There are two Wes Moores-one is a Rhodes Scholar, White House Fellow, and author, and the other is a criminal who will spend the rest of his life behind bars.


They share roots in the poverty of crime-ridden neighborhoods in Baltimore. Why did one become a successful, upstanding citizen and the other ruin his life (apparently taking, along the way, the life of another person)? Michael Gerson has a must-read column on the two Wes Moores today in the Washington Post. The difference, it seems, was their parents:


 Both boys had caring, single mothers. But tenacity turns out to be as important as caring. The imprisoned Wes Moore’s mother lived in denial about her son’s drug dealing. The author’s mother had “hands that hit so hard you had to be hit only once to know you never wanted to be hit again.” For years, she slept on a couch in the living room, standing guard over her children in a troubled neighborhood. She sent her son to a private school she couldn’t afford. When he began skipping class and failing, she threatened him with military school. “She had to be bluffing,” thought Moore. She wasn’t.
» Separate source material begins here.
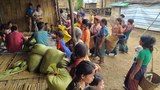 ဆောက စစ်ဘေးဒုက္ခသည်စခန်း မီးရှို့ခံရပြီး ရဟန်းတစ်ပါးနဲ့ လူတစ်ဦး အဖမ်းခံရ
 In the most wrenching moment of the book, the troubled Wes Moore encounters his father, whom he has rarely seen, in a stupor on a relative’s couch. After he was awakened, this father looks into the eyes of his son and asks, “Who are you?” The author’s father dies when Wes is 3 but remains an image of manhood, “calm, reassuring, hardworking and sober.” A father who dies remains a presence in a child’s life; a father who leaves is an absence never fully filled.